Le casting des "Portraits clandestins" de Daniel de Roulet est éclectique: au sommaire, il y a la fine fleur helvète - Robert Walser, qu’il évoque à travers les lettres que l’auteur de "La promenade" envoyait à la lingère de l’asile de Bellelay; Agota Kristof, que Daniel de Roulet a personnellement connue; Gustave Roud, dont il cherche les traces sur les chemins du Mormont; Cendrars et Bouvier, les incontournables.
De Roud à Baldwin
À côté de ces classiques, on croise James Baldwin, dont on apprendra qu’il a fait une escale heureuse à Loèche-les-Bains (VS), Marcel Proust en goguette sur le Léman et la journaliste russe Anna Politkovskaïa, dont l’auteur loue le courage. Certains de ces portraits sont pensés comme de véritables enquêtes: en Italie, Daniel de Roulet mesure la distance qui sépare les paysages évoqués par Stendhal dans ses œuvres de la réalité du territoire. En marchant dans les pas de l’auteur de "La chartreuse de Parme" et en analysant ses journaux, il tente de comprendre sa fabrique d’écriture.
En somme [Stendhal] ne s’intéresse qu’à ce qu’il juge important: le rapport entre les gens, leurs faits et gestes, leur aptitude au bonheur, mais pas leur manière de s‘habiller ou de rire (...) J’ai le sentiment qu’il donne la forme d’un journal de voyage à une succession d’anecdotes et de points de vue parce qu’il envisage plus tard de se servir de ces passages pour un projet d’ampleur romanesque. Il visite par avance les lieux que fréquenteront ses personnages.
Un observateur aguerri
Dans d’autres cas, il se concentre sur un détail évocateur, comme un prisme miniature qui viendrait lui servir de loupe: quand Agota Kristof réajuste ses lunettes, est-ce par exaspération, par anxiété ou par bravade? Si Jean-Christophe Bailly gesticule des mains quand il parle, est-ce par manque de son stylo? Nietzsche, sur le point de perdre la vue, se fait offrir une machine à écrire. Que dit la technologie de notre rapport au monde?
Daniel de Roulet est un observateur aguerri. De son époque qui l’exaspère parfois, mais qui nourrit infiniment une œuvre exigeante et alerte. Des livres qu’il dévore et qui l’informent sur d’autres manières de vivre, de penser et d’écrire. Des auteurs qui l’ont précédé et dont il décortique les secrets dans ces "Portraits clandestins".

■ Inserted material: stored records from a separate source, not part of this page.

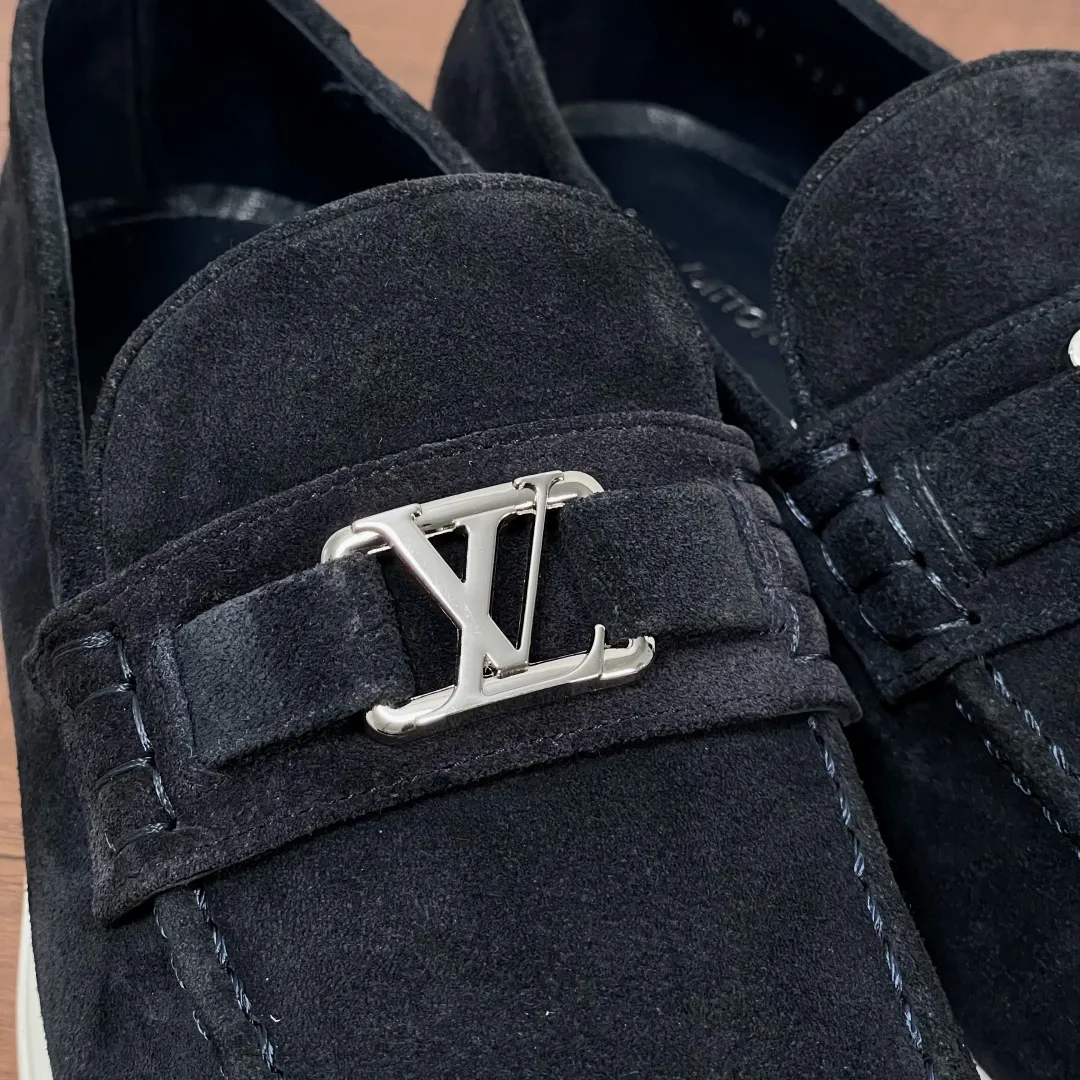 LOUIS VUITTON Мужские замшевые мокасины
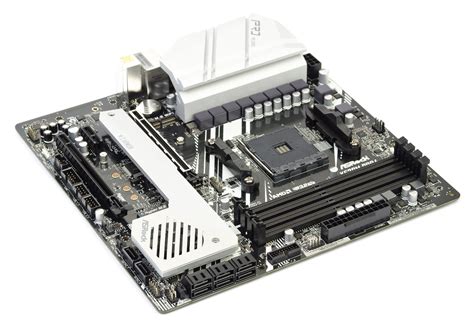 Обзор материнской платы ASRock X570M Pro4. Удачная авантюра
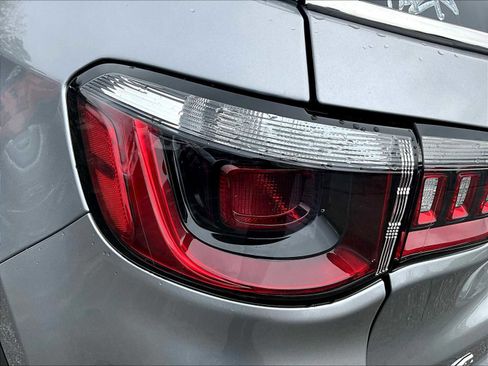 Used 2022 Jeep Compass Limited image 32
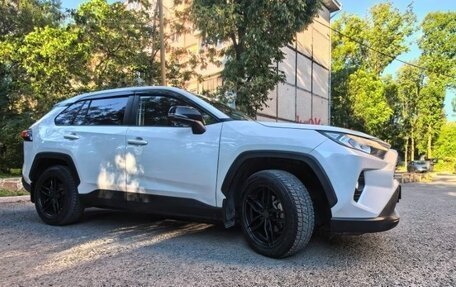 Toyota RAV4, 2020 год, 2 500 000 рублей, 6 фотография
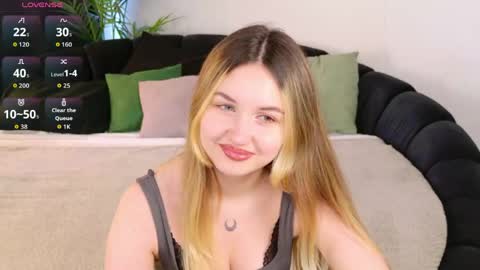 Snapshot of kerry_mell chatting on 2, 5, 2026 kerry_mell online show from 2, 5, 2026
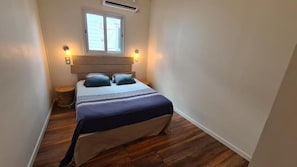 Ropa de cama de alta calidad, cortinas blackout y insonorización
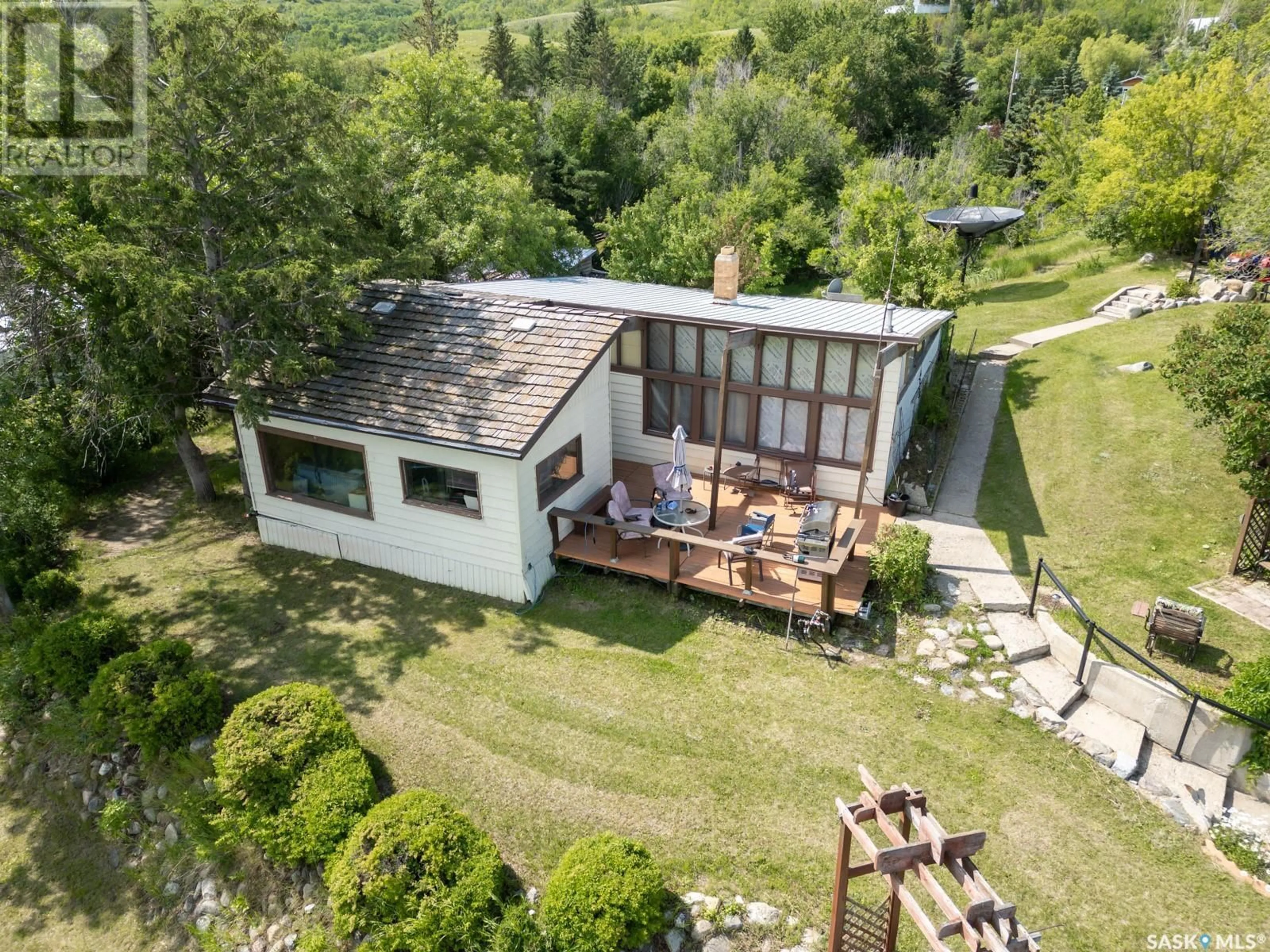 A pic from outside/outdoor area/front of a property/back of a property/a pic from drone, unknown for 120-122 NORTH HAVEN DRIVE, Buffalo Pound Lake Saskatchewan S0H2X0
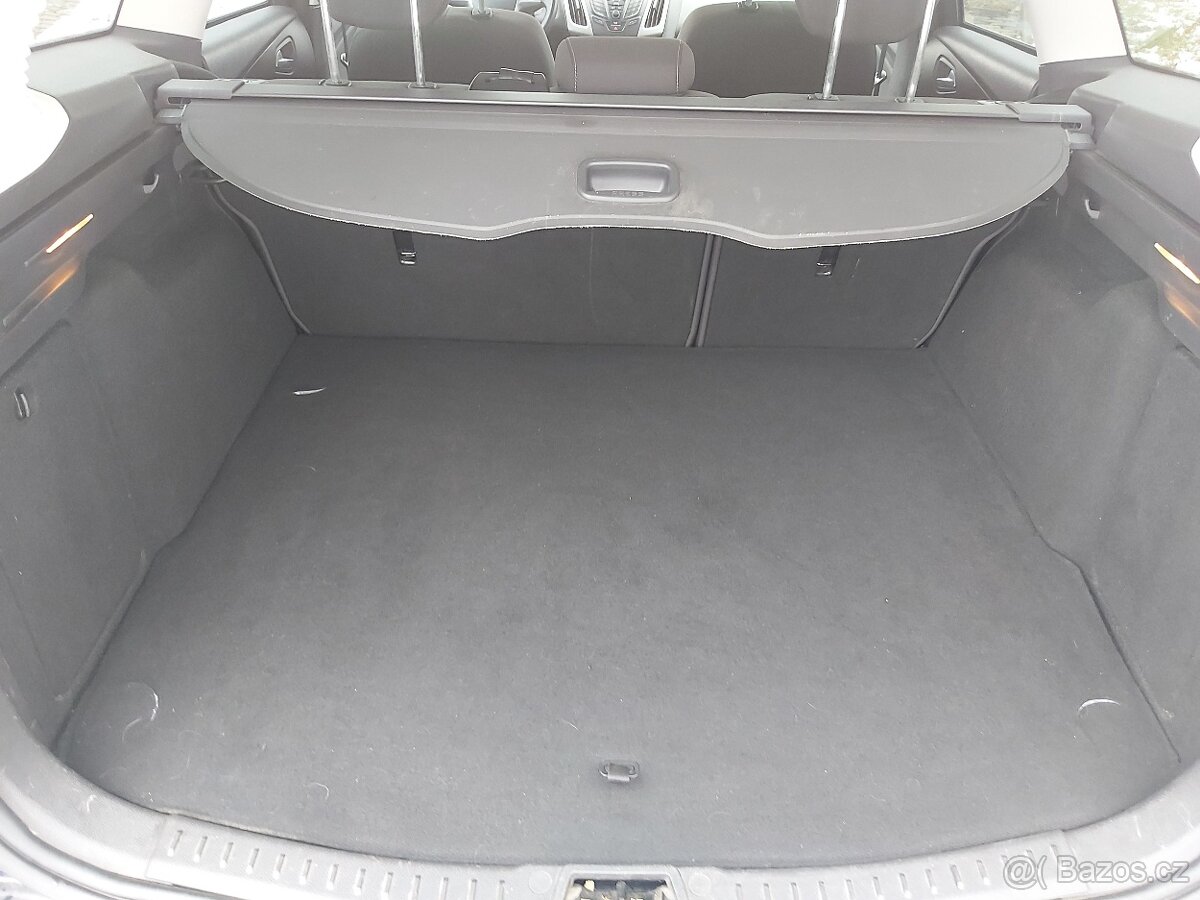 Ford Focus Titanium 1.6 TDCi 77 kw, servis Ford, 2013 - 20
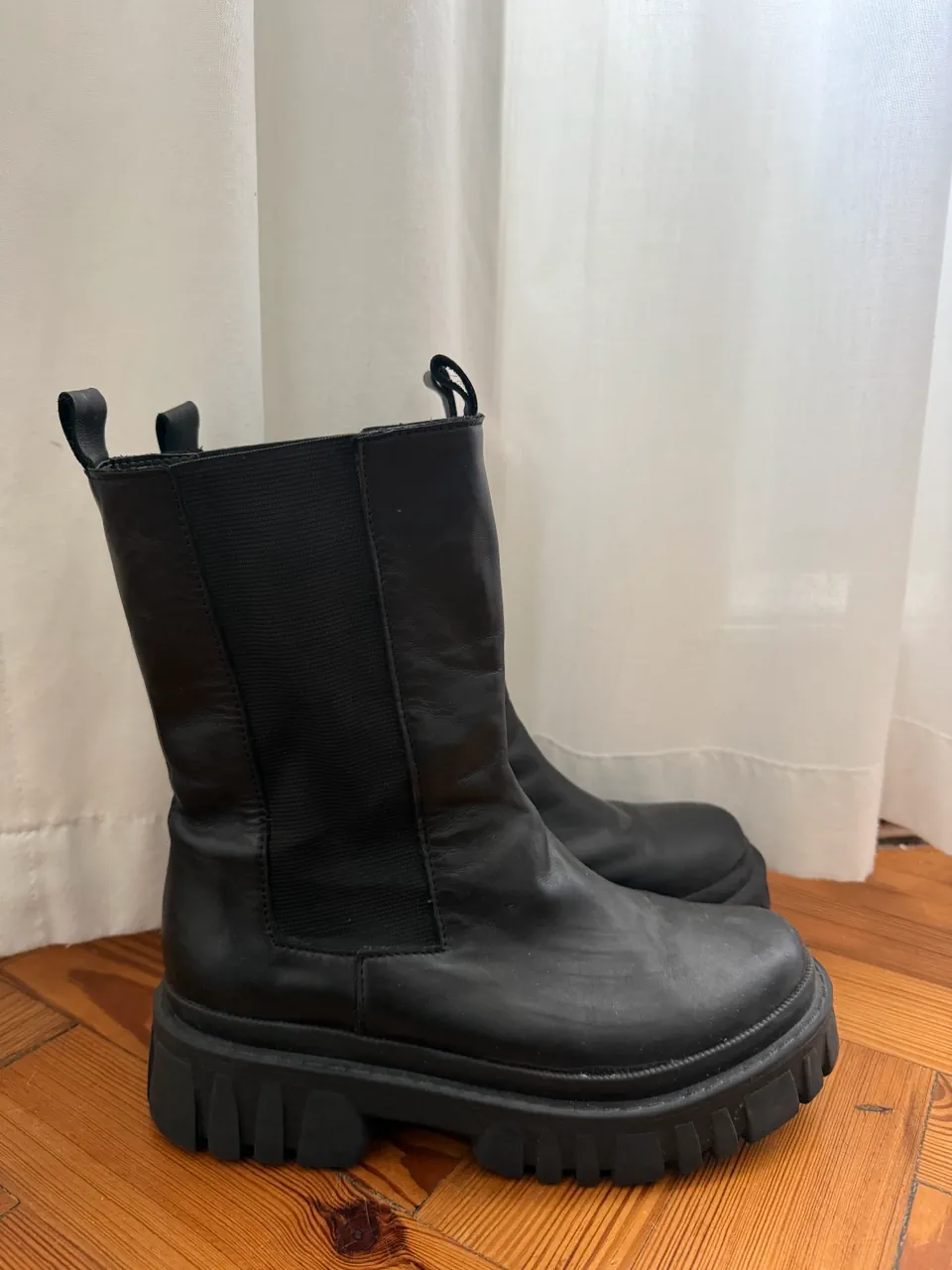 Borcegos New factory · Talle AR 37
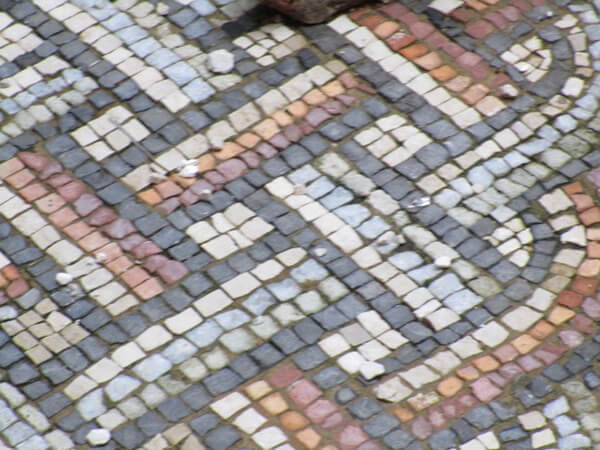 古代ローマ時代そのままの石畳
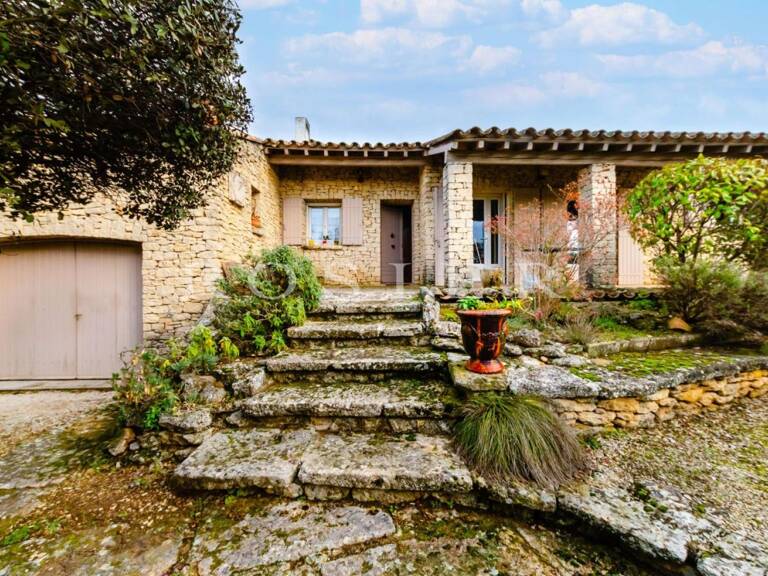 Hameau de Gordes, maison en pierres avec terrain constructible — photo 1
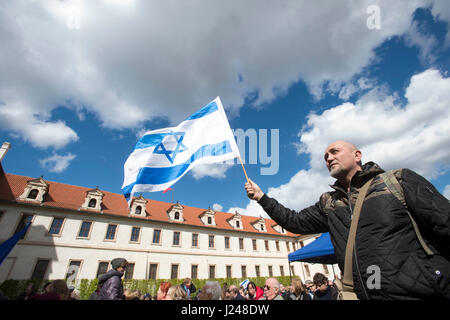 Una processione di circa 300 persone, organizzato da International Christian Embassy Gerusalemme (ICEJ) gruppo, portando bandiere israeliane hanno camminato attraverso il vecchio quartiere ebraico della città e poi raccolte nel Giardino Wallenstein, che è parte del Senato, per contrassegnare Yom HaShoah, il giorno dell'Olocausto, oggi, domenica 23 aprile, 2017. (CTK foto/Josef Vostarek) Foto Stock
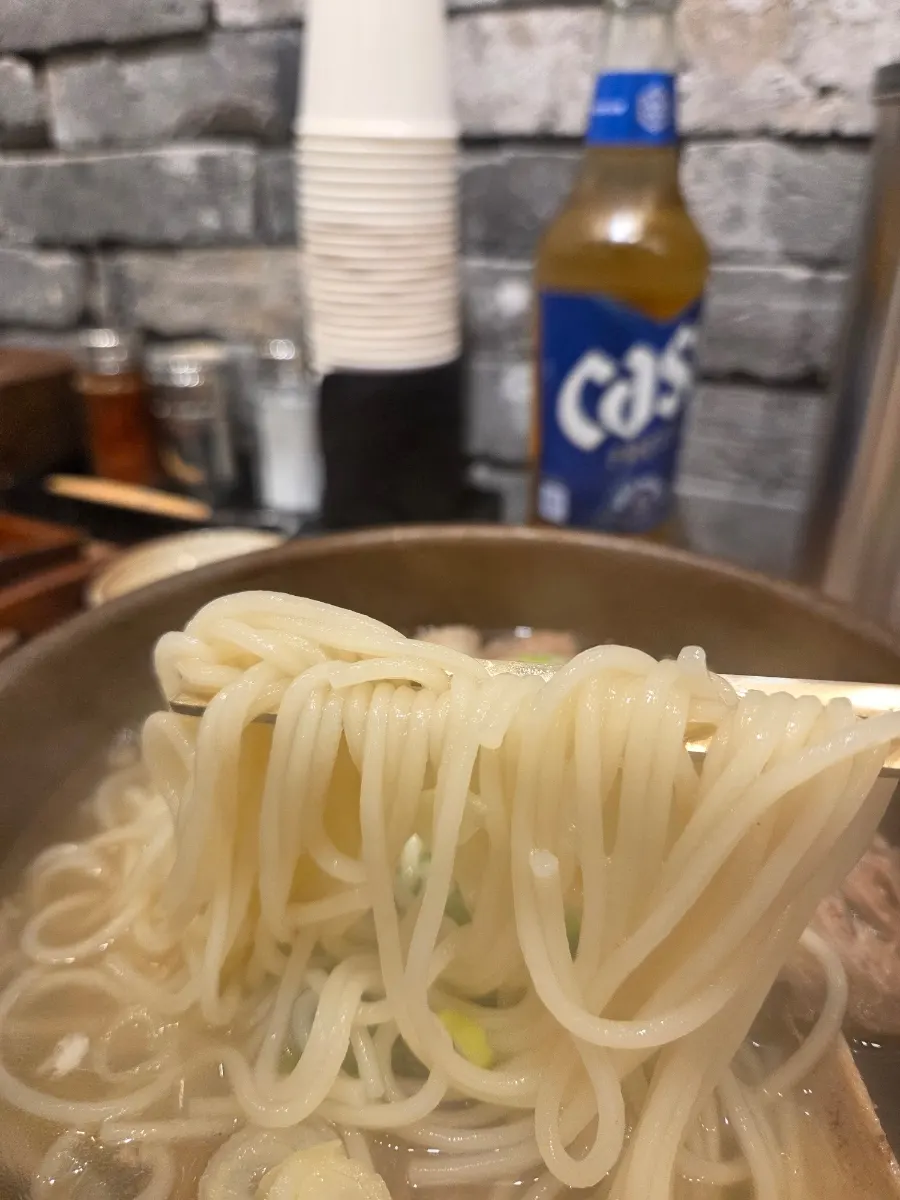 국물에 적신 중면 면발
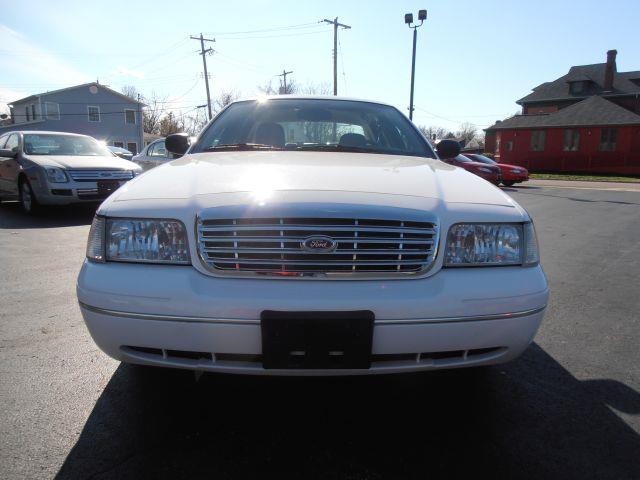 2003 Ford Crown Victoria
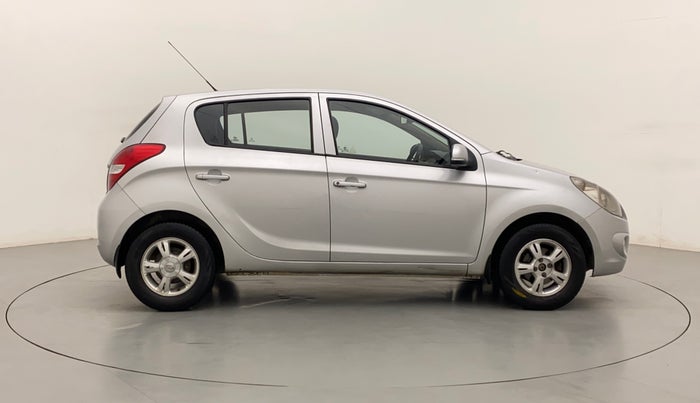 2010 Hyundai i20 ASTA 1.2, Petrol, Manual, 1,03,530 km, Right Side View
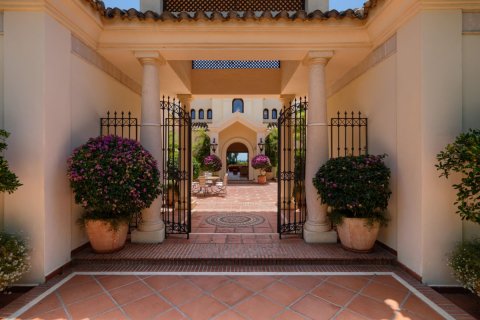 Villa for sale in Marbella Golden Mile, Malaga, Spain 5 bedrooms, 1025 sq.m. No. 53465 - photo 18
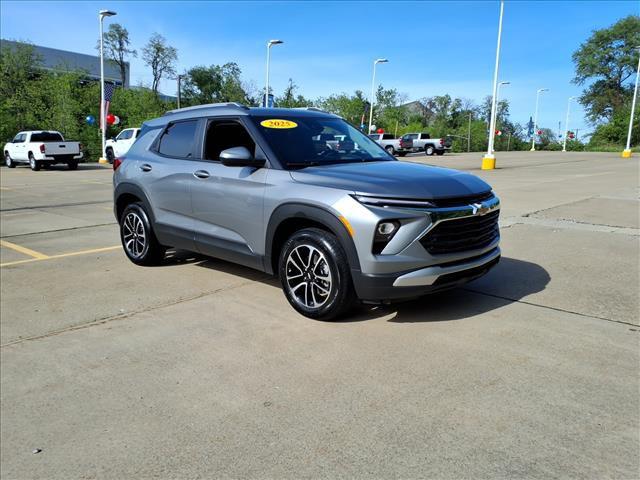Sterling Gray Metallic 2025 Chevrolet Trailblazer LT AWD SUV / Crossover Four-Wheel Drive Automatic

C’est normal de s’intéresser à la condition de production des œuvres, car elles ne naissent pas hors-sol. Pour autant que j’ai une œuvre, la mienne naît en Suisse, d’un gosse privilégié par rapport à d’autres auteurs qui naissent sur un autre continent avec une guerre aux frontières. On est déterminé, et les sujets qu’on aborde sont marqués par le contexte dans lequel on écrit.
En cheminant dans ce recueil de portraits, on en apprend autant sur les écrivains et écrivaines cités que sur l’auteur lui-même. Daniel de Roulet aime marcher et voyager. A quinze ans, il se prenait pour le personnage Milan des "Ecrits intimes" de Roger Vaillant: "Dur avec les femmes, ténébreux et sans ami". Un an plus tôt, il lisait "Moderato Cantabile" qu’il pouvait citer par cœur: "Tu me tues, tu me fais du bien". Plus tard, devenu écrivain à son tour, il cultivera "Une quadruple rupture". Pour plus de détails à ce sujet, rendez-vous au chapitre "Chessex".
Salomé Kiner/aq
Daniel de Roulet, "Portraits clandestins", éditions La Baconnière.